McCue v. Cnty. of Wapello

Decision Date21 October 1881
PartiesMCCUE v. COUNTY OF WAPELLO.
CourtIowa Supreme Court

OPINION TEXT STARTS HERE

Appeal from Wapello district court.

Action at law to recover for services rendered by plaintiff as sheriff of the defendant county. The cause was tried to the court without a jury, and judgment rendered for plaintiff. Defendant appeals. The facts of the case appear in the opinion.Moore & Hammond, for appellant.

William McNett and H. B. Hendershott, for appellee.

BECK, J.

1. The petition alleges that plaintiff, between the nineteenth day of September, 1878, and the seventh day of April, 1879, was acting sheriff of Wapello county, and in the discharge of his duties as such officer he rendered certain services, and expended certain sums of money, for which, together with an amount due him as salary, he seeks to recover in this action. The answer denies the allegations of the petition, and avers the facts connected with plaintiff's claim to be substantially as set out in the finding of the court, which will hereafter appear. It further alleges that plaintiff performed the services, and made the expenditures sued upon, as deputy of the sheriff of the county, and that whatever claim he has therefor should be made against and adjusted with the sheriff for the services and outlays in question. Upon the issues thus presented the cause was tried to the court.

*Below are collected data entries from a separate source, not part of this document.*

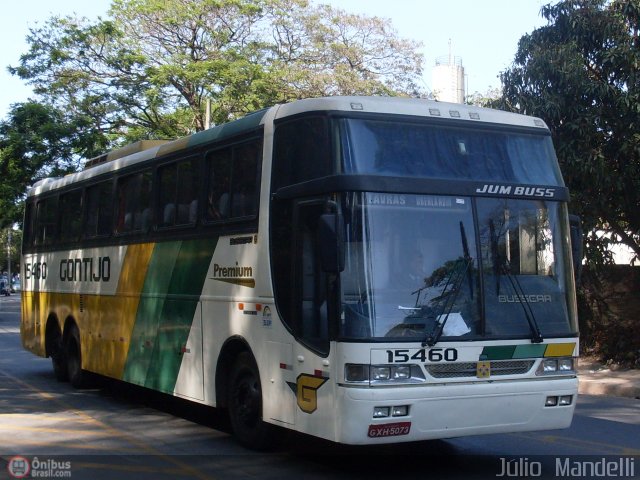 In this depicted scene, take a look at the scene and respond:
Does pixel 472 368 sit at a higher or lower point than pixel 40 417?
higher

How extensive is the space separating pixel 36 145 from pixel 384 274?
90.7 feet

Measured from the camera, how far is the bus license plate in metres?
7.38

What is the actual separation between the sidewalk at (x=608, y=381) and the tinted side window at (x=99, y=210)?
8433mm

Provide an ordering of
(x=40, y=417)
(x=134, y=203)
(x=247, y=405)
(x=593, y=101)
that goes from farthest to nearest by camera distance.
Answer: (x=593, y=101) → (x=134, y=203) → (x=40, y=417) → (x=247, y=405)

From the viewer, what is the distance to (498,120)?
8.65 metres

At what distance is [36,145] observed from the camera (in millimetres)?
32750

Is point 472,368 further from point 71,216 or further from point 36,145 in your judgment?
point 36,145

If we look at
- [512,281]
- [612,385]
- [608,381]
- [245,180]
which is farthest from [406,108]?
[608,381]

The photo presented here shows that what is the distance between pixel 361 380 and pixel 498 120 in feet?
9.66

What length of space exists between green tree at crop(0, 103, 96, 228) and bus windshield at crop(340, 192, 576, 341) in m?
26.7

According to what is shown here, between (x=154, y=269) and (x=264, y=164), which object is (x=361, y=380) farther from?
(x=154, y=269)

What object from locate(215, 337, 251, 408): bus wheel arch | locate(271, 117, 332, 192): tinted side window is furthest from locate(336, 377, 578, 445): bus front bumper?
locate(215, 337, 251, 408): bus wheel arch

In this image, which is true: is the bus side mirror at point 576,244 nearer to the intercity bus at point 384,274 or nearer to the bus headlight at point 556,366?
the intercity bus at point 384,274

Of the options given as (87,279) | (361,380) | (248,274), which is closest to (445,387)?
(361,380) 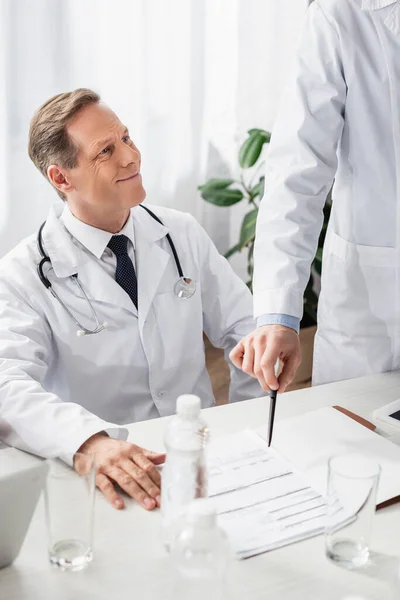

2. The plaintiff filed an amended abstract setting out the facts and conclusions of law found by the district court, which defendant moved to strike, for the reason that neither of the parties requested the court to make such findings. In support of this motion, counsel for defendant insist that to authorize the court to find specially the facts and conclusions of law, a request therefor must be made at least by one of the parties to the action. This position is based upon Code, § 2743. For the purposes of this case we may admit--without, however, so deciding--that this position is correct. But, as the court has made the finding in the absence of a contrary showing in the record, we will presume it was done in pursuance of the request of one of the parties. Acts of the court of this kind, done in the progress of a case, are presumed to be in accord with the law. Presumption as to the regularity of the proceedings of courts will always be exercised; errors in such proceedings must always be affirmatively shown. Under these familiar rules we must regard the findings of the court as authorized by the statute, even if it bear the construction insisted upon by defendant's counsel. The motion must be overruled.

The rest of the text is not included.